Col. E. Darrin Cox accepted a maroon-colored flag from Maj. Gen. Barbara Holcomb, signifying the start of his tenure as commander of the U.S. Army Medical Research Institute of Infectious Diseases.
Cox is one of the new faces at Fort Detrick, and his change-of-command ceremony came a day before Holcomb’s. She will retire as commanding general of the U.S. Army Medical Research and Development Command and Fort Detrick. Other naval and Army units on the post, including the garrison, also recently changed commanders.
While Cox is new to Fort Detrick and the Frederick area, he is not new to the state.

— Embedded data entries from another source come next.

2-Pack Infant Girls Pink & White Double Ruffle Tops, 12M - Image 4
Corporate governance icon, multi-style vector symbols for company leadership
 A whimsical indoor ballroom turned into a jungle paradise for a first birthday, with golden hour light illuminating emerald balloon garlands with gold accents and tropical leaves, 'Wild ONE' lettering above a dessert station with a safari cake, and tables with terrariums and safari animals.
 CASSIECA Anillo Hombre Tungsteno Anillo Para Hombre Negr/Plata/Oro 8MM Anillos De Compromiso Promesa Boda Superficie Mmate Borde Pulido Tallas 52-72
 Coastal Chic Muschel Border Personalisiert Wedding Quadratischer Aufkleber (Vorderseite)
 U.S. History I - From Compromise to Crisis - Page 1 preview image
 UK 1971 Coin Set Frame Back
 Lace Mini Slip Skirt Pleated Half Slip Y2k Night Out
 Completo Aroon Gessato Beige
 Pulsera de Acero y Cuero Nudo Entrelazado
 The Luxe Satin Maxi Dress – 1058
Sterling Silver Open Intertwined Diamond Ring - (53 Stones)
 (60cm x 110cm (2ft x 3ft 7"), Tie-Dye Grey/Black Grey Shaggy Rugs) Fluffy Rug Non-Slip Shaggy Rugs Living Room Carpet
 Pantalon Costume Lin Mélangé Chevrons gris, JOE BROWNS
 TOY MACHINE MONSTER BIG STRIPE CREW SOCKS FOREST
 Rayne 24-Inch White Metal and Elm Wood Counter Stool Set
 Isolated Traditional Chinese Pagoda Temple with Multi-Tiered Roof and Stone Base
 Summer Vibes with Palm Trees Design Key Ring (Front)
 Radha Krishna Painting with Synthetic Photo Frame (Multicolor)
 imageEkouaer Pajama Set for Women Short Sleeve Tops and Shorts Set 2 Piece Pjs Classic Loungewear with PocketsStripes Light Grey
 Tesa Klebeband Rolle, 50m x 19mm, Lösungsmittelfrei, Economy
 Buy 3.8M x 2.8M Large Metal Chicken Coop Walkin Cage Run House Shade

Cox grew up in Texas and received his bachelor’s degree in business administration from Washington University in 1989. Although he always loved medicine, he followed his father’s advice and first pursued a career as a certified public accountant, Holcomb said in her remarks.
Cox was commissioned as a second lieutenant in 1992 through the Health Professions Scholarship Program and completed residency in general surgery and thoracic surgery at Walter Reed Army Medical Center, according to information from USAMRIID.
He wanted to be a pediatrician, Holcomb said in her remarks. When she jokingly asked why that changed, Cox shouted from his seat that he had kids.
Cox and his family spent several years in Maryland while he was at Walter Reed, he said after the ceremony.
“I was excited to return to Maryland,” Cox said.
He plans to build upon his predecessor’s accomplishments and continue to protect the military and nation through advancements in vaccines and treatments. He also looks forward to overseeing the continued construction of the USAMRIID building on the military installation, a project started under Col. Gary Wheeler, the outgoing commander.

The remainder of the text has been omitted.